__Work item__. All that should be output is the block of lines below from the line with "vidaXL 8 részes" to the line with "A vibrant skillet", both included, exactly as written.

__Data supplied__.
━━━━━━━━━━━━━━━━━━━━━━━━━━━━━━

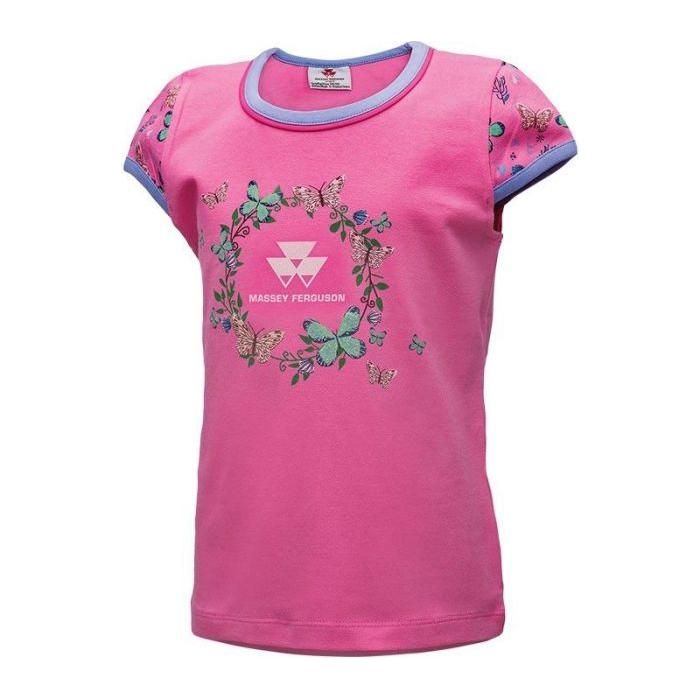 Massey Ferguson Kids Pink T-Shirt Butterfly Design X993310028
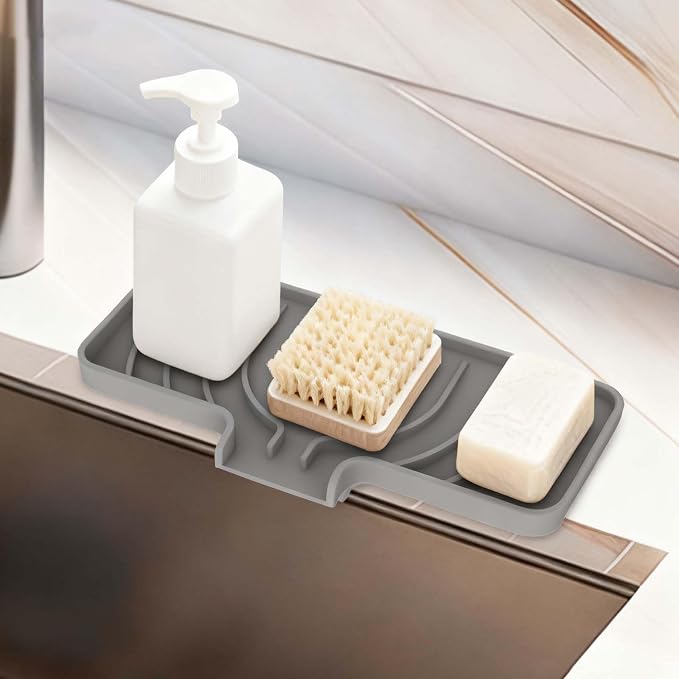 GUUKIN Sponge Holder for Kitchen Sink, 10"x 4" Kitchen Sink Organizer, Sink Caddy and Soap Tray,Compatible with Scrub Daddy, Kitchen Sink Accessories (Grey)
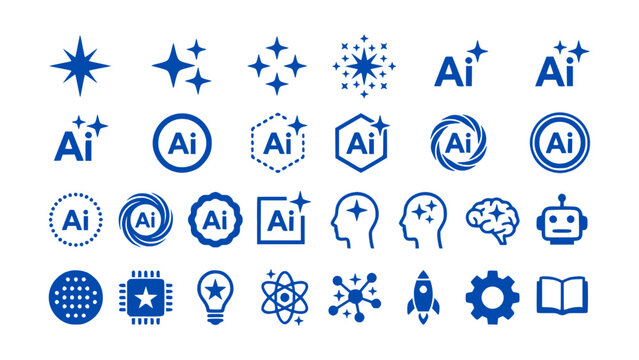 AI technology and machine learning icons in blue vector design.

━━━━━━━━━━━━━━━━━━━━━━━━━━━━━━

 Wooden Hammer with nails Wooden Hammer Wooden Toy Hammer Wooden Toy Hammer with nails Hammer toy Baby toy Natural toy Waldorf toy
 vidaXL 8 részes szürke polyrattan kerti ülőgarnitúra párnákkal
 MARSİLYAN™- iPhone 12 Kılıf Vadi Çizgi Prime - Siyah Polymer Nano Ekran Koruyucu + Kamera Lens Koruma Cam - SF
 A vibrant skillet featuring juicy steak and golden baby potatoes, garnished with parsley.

━━━━━━━━━━━━━━━━━━━━━━━━━━━━━━

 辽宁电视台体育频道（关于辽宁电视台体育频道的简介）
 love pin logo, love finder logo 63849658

━━━━━━━━━━━━━━━━━━━━━━━━━━━━━━

__Problem solution__.
 vidaXL 8 részes szürke polyrattan kerti ülőgarnitúra párnákkal
 MARSİLYAN™- iPhone 12 Kılıf Vadi Çizgi Prime - Siyah Polymer Nano Ekran Koruyucu + Kamera Lens Koruma Cam - SF
 A vibrant skillet featuring juicy steak and golden baby potatoes, garnished with parsley.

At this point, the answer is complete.